Task statement:
Verbatim copy without images: return all of the data as it stands.

Source data:
------------------------------

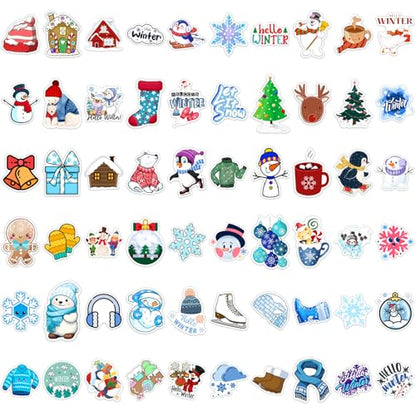 XZENTIRA, 103 PCS Winter Stickers for Kids, Snowflake Stickers for Water Bottles, Hello Winter Vinyl Waterproof Stickers for Laptop Skateboard Phone Penguin, Snowman Stickers for Kids Teens Girls - style: Winter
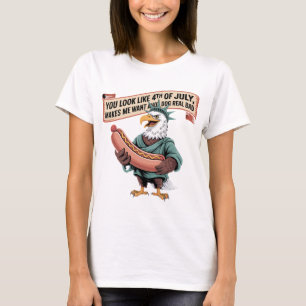 Eagle Statue Hot Dog 4th of July Humour T-Shirt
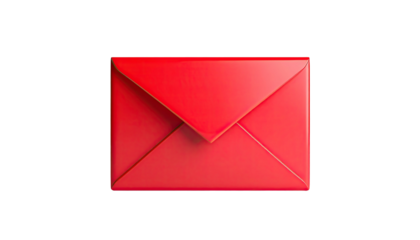 Glossy red envelope, centered on black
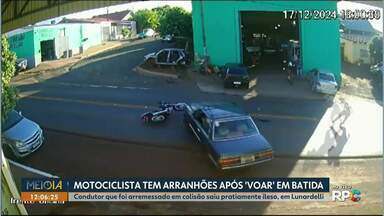 Motociclista tem arranhões após 'voar' em batida em Lunardelli - Condutor que foi arremessado em colisão saiu praticamente ileso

------------------------------

Result of the task:
 XZENTIRA, 103 PCS Winter Stickers for Kids, Snowflake Stickers for Water Bottles, Hello Winter Vinyl Waterproof Stickers for Laptop Skateboard Phone Penguin, Snowman Stickers for Kids Teens Girls - style: Winter
 Eagle Statue Hot Dog 4th of July Humour T-Shirt
 Glossy red envelope, centered on black
 Motociclista tem arranhões após 'voar' em batida em Lunardelli - Condutor que foi arremessado em colisão saiu praticamente ileso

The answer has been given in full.